According to O’Donovan Hall employees, Aramark altered shifts and redistributed responsibilities in order to decrease the number of full-time salaries it had to pay.
“Now, three weeks into the school year, it is worse,” said a male employee of 15 years who spoke on the condition of anonymity at the time.
“A lot of people have second jobs, and they already had their days set. Now, people have to adjust their lives and tell the second job that they can’t work this day or have to come in later,” said a female employee of 19 years who also spoke on the condition of anonymity in September. “And we thought that was messed up, because it wasn’t broken, so why did [Aramark] try to fix it?”
Despite these changes, Aramark Director of Communications Karen Cutler said the company has a strong relationship with O’Donovan Hall employees.
“Our employees at Georgetown are represented by a local union who negotiated a collective bargaining agreement on their behalf,” Cutler said. “We have a good working relationship with the union and adhere to the terms and conditions of that collective bargaining agreement.”
Student members of the Georgetown Solidarity Committee, which helped the workers unionize last year, called attention to the connection between student and worker interests.
“There are two components to [the changes], one being that students are affected by this. We have fewer options, fewer healthy options,” GSC member Erin Riordan (COL ’15) said. “There is also the worker’s side to it: Where by cutting certain stations, they end up cutting certain positions and giving people fewer hours.”
After hearing workers’ concerns, Aramark established weekly meetings with its employees in October aimed to improve worker-management relations.
Georgetown Director of Media Relations Rachel Pugh expressed hope that the meetings would improve communication.
“These meetings provide the opportunity to voice any and all concerns and to discuss options and appropriate next steps,” Pugh wrote in an email to The Hoya.
Despite this initial optimism, workers delivered a letter of protest to Aramark managers four months later that requested the creation of a committee to address complaints and provide food sustainability and training.
After Delay, GU Ends Adidas Contract
In an effort to uphold a commitment to workers’ rights, Georgetown terminated its contract with Adidasin January after the company was accused of violating the Code of Conduct for Georgetown University Licensees.
The Worker Rights Consortium, of which Georgetown is a founding member, first reported in January 2012 that the sportswear company did not pay $1.8 million in severance payments to employees after its PT Kizone manufacturing plant in Indonesia closed.
The Licensing and Oversight Committee, composed of both students and administrators, advised the university to sever ties with Adidas last October. However, the decision was not finalized until a year after WRC made its initial recommendation.
In response to the university’s decision, Gregg Nebel, head of Adidas social and environmental affairs, and Chris McGuire, director of sports marketing, released a letter of defense shortly before Georgetown officially cancelled the contract.

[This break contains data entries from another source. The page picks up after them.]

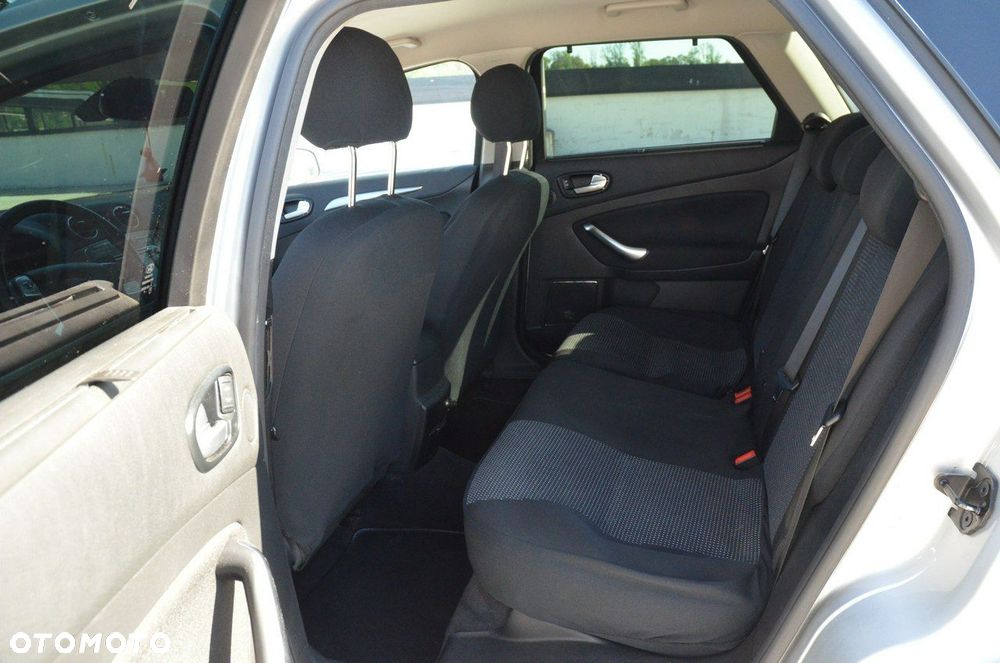 Ford Mondeo - 34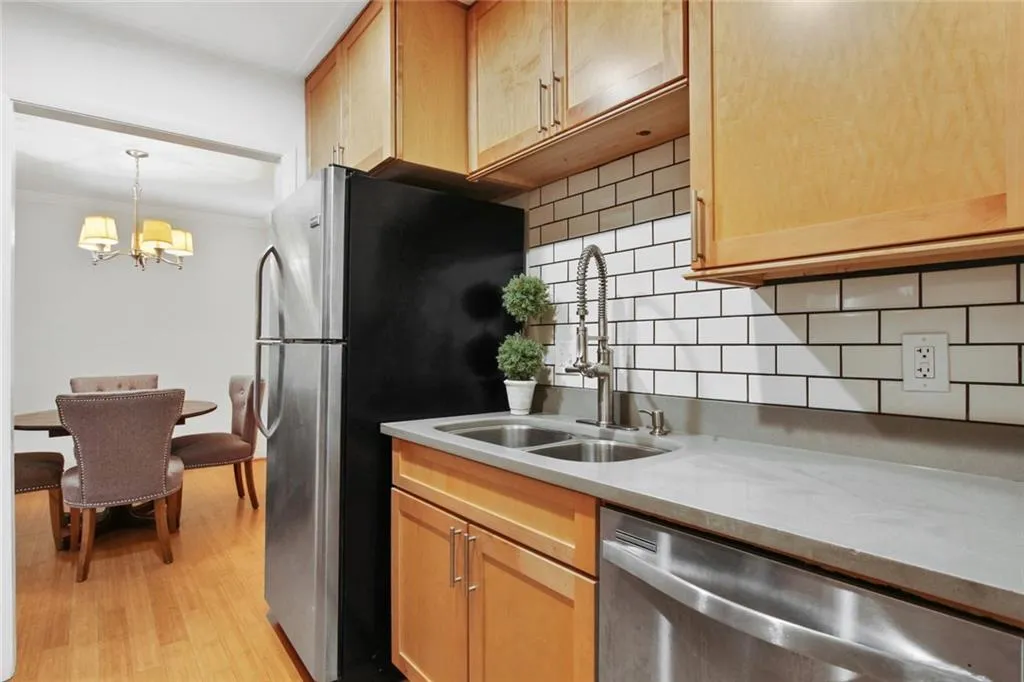 5145 Roswell Road Unit 4, Atlanta, Georgia 30342, 2 Bedrooms Bedrooms, ,1 BathroomBathrooms,Residential,Sold,5145 Roswell Road Unit 4,6972870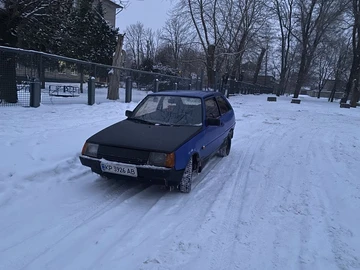 Авто ЗАЗ Таврия 1999 № 8405196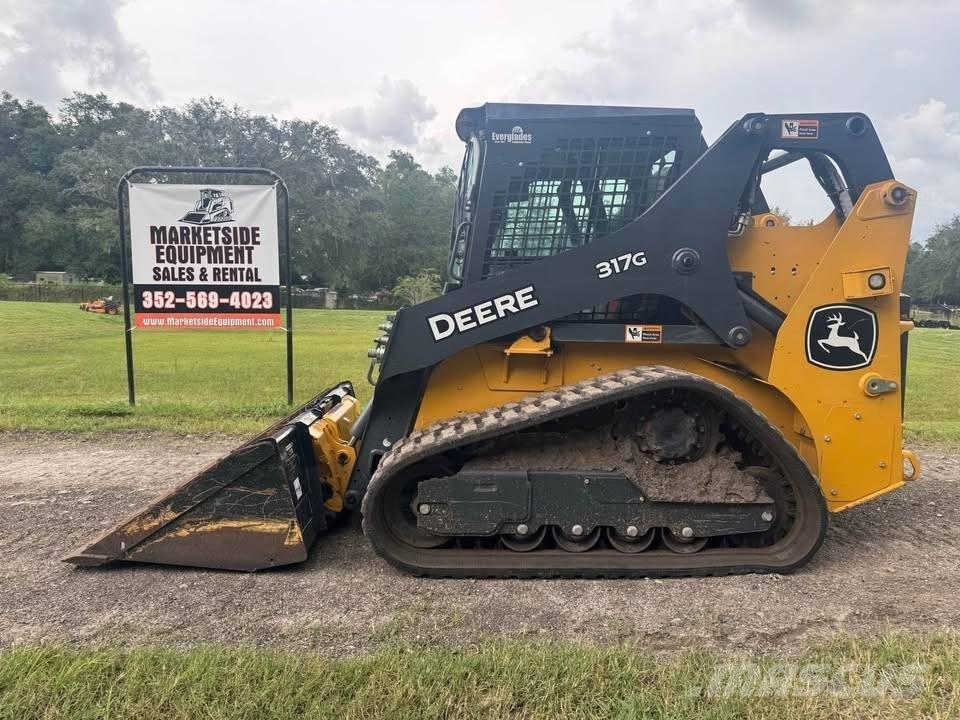 John Deere 317 Schrankladers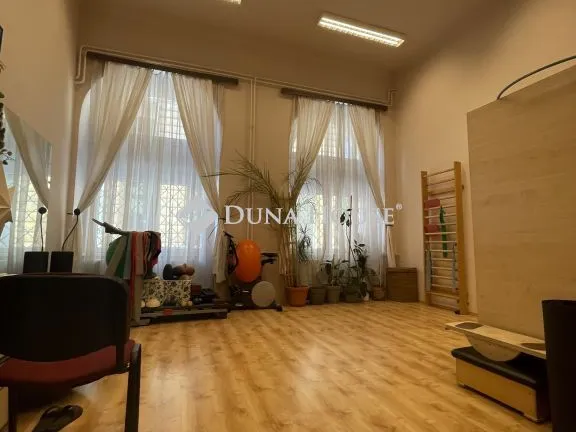 Eladó kereskedelmi és ipari ingatlan Budapest VIII. kerület 352 nm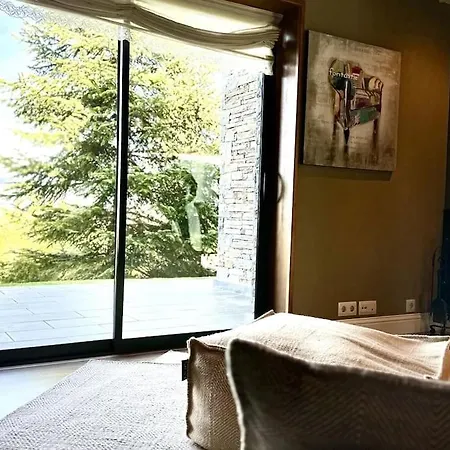 Mas Serra, Casa A Queixans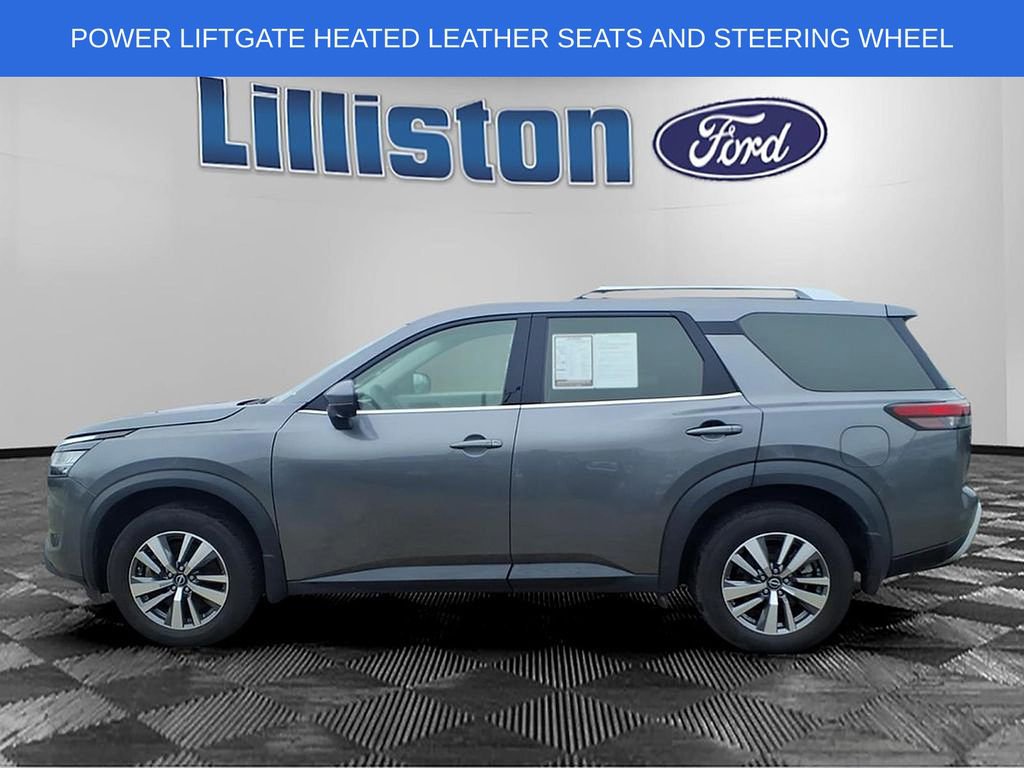Used 2023 Nissan Pathfinder SL image 6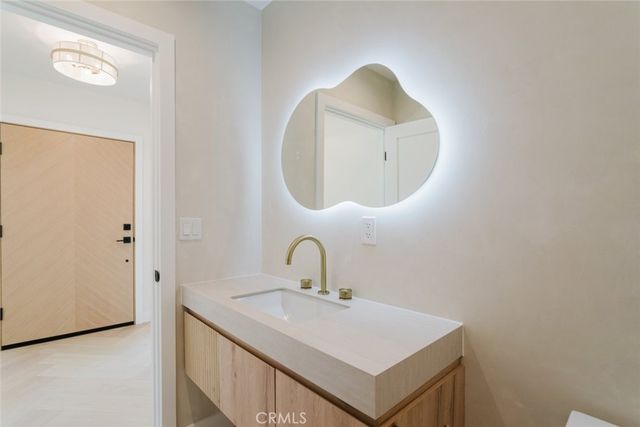 941 Sherlock Drive, Burbank, CA 91501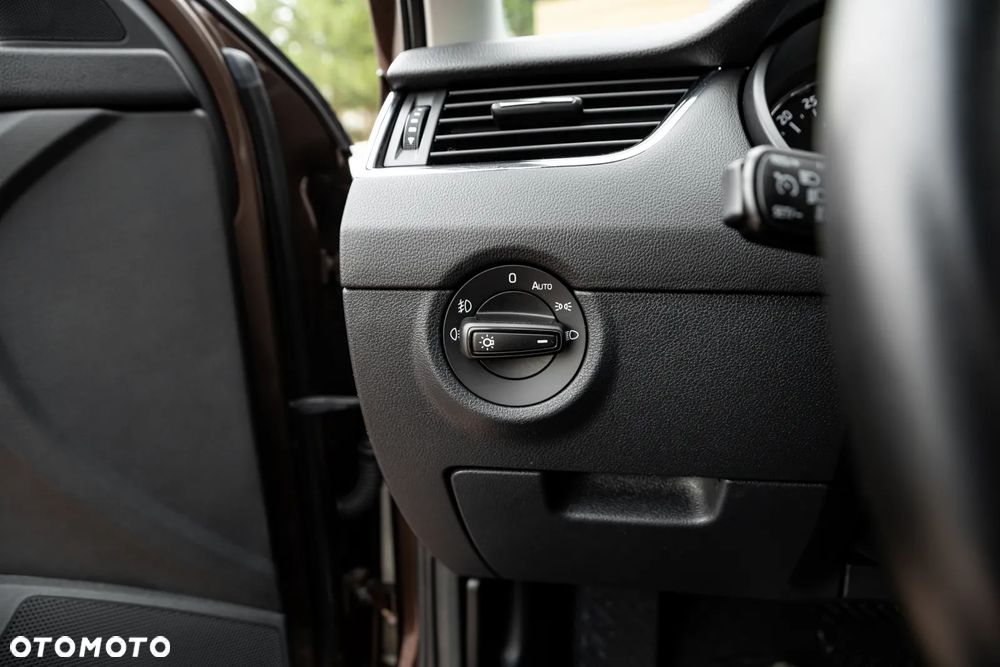 Skoda Octavia 2.0 TDI 4x4 Elegance DSG - 29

Written in response to a letter Vice President for Public Affairs Erik Smulson (COL ’89) sent to Adidas representatives more than a year earlier, the letter said that Adidas was not connected to PT Kizone before or when it closed and provided $525,000 in food vouchers to its workers.
But according to Associate Vice President for Federal Relations Scott Fleming (FLL ’72), the company’s response did not sway the university’s decision.
“Quite frankly, their letter didn’t satisfy the university,” Fleming said. “Within a week, the decision was made and acted upon.”
Adjuncts Move Toward Union
Georgetown’s adjuncts began the process of unionizing under Service Employees International Union Local 500 Coalition of Academic Labor this March. Adjuncts will vote on whether to join this union by May 3.
After successfully partnering with adjunct professors at The George Washington University and American University, SEIU Local 500 officials set their sights on Georgetown in November. Four months later, the group filed a motion to vote to represent adjunct faculty at Georgetown.
Pablo Eisenberg, senior fellow at the Georgetown Public Policy Institute and a 12-year adjunct faculty member, supported the unionization initiative. He said that low wages negatively affect both adjunct faculty and students.
“If adjunct faculty are not taken care of, not treated better, not given the wherewithal that classroom teachers require, their students are going to suffer as much as they do,” he said. “There’s a link between the treatment of adjuncts and the quality of teaching in the classroom.”
GSC has not partnered directly with the adjunct movement but remains committed to supporting a safe space for workers on campus.
“The projects we take on are the ones the workers want us to take on,” she said. “It is always about how we can stand in solidarity with the workers to improve their lives on campus.”